## ABOUT THIS EXERCISE
Exclude the pictures and reproduce exactly the lines that run from the one holding "Snapshot of MissRumi_Hunter" to the end of the entries below.

Saved entries
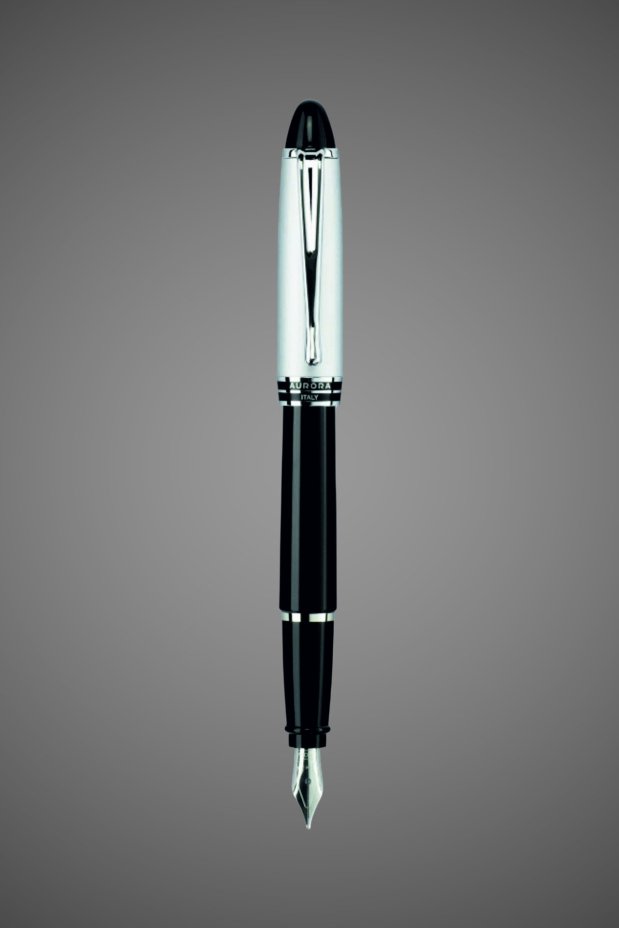 Перьевая ручка Aurora Ipsilon Metal Black Chrome CT, перо - М, в подарочной коробке, Лаки и смолы: лак, смола, хром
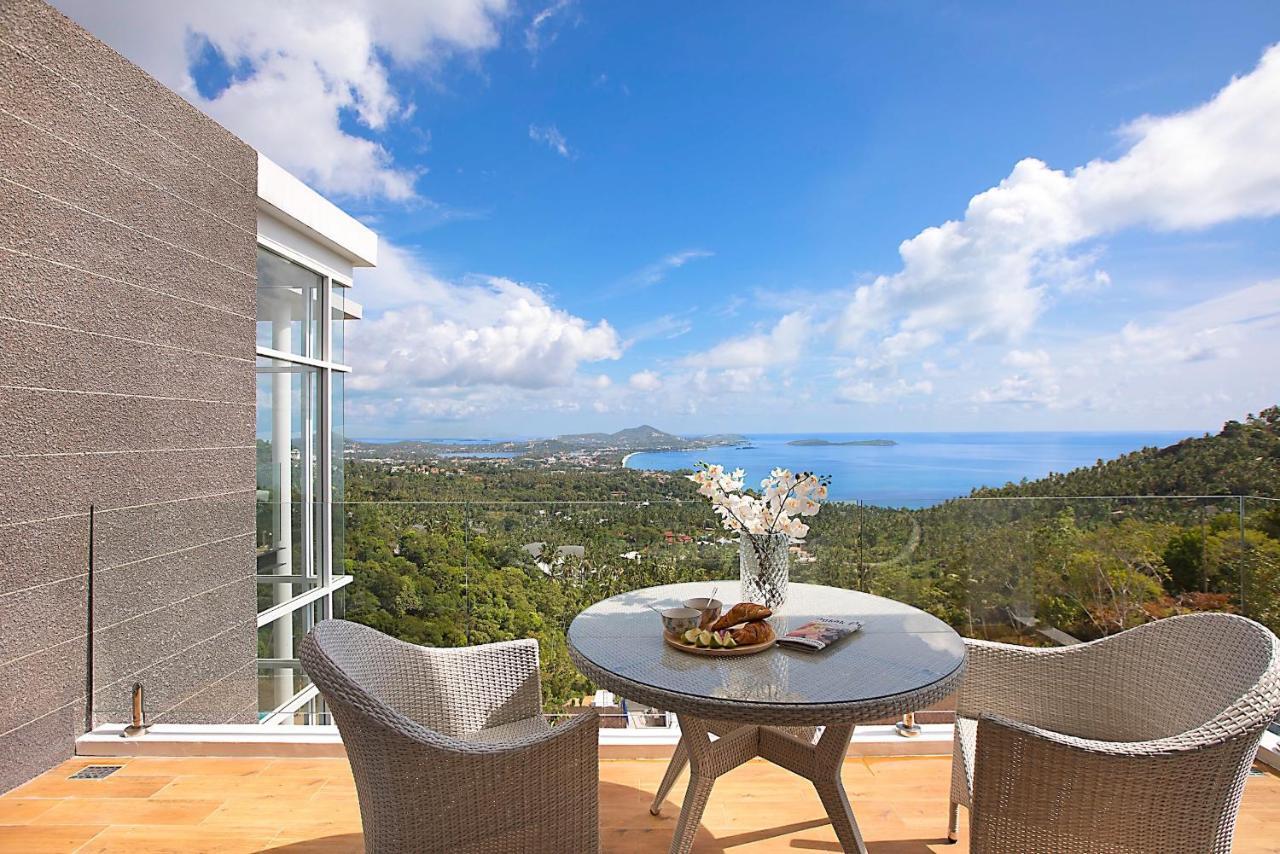 Stunning Blue Sea 3bdrm Infinity Pool Villa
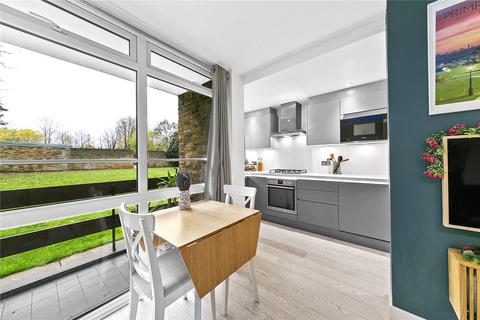 2, Howmic Court Arlington Road, Twickenham, TW1 2BD
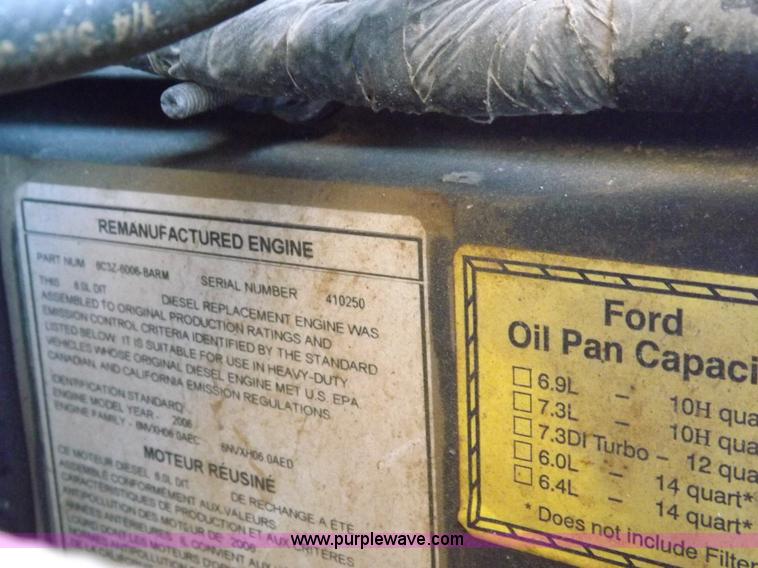 image for item I8415 2007 Ford F350 XL Super Duty utility truck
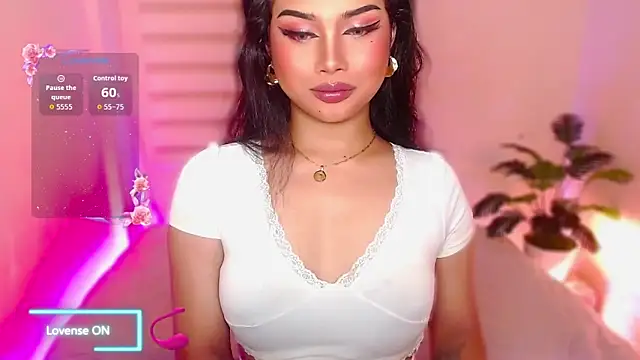 Snapshot of MissRumi_Hunter chatting on 2, 5, 2026 MissRumi Hunter online show from 2, 5, 2026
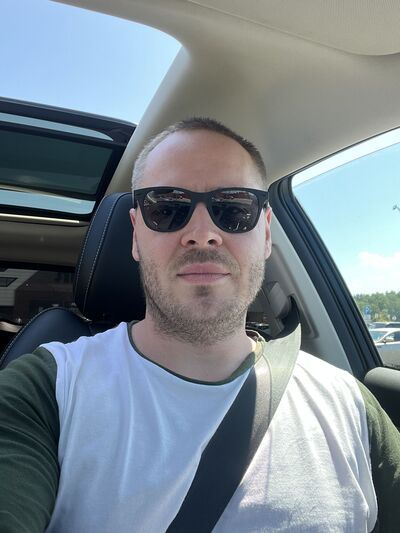  ,   Marat, 35 ,   ,   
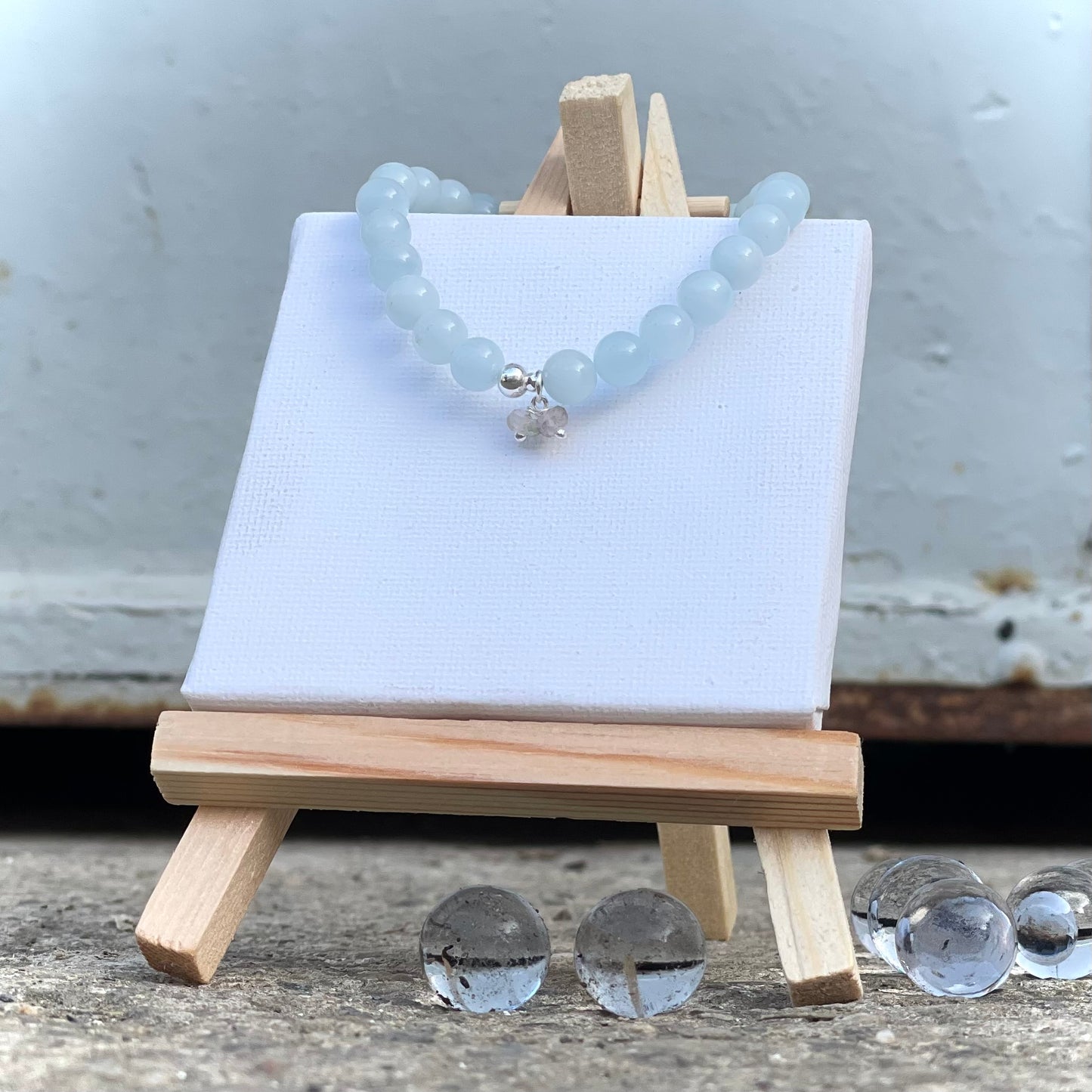 Armband Aquamarin "Besonnen S(t)ein" mit 6 mm Perlen und Sterling-Silber Elementen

## EXERCISE SOLUTION
 Snapshot of MissRumi_Hunter chatting on 2, 5, 2026 MissRumi Hunter online show from 2, 5, 2026
  ,   Marat, 35 ,   ,   
 Armband Aquamarin "Besonnen S(t)ein" mit 6 mm Perlen und Sterling-Silber Elementen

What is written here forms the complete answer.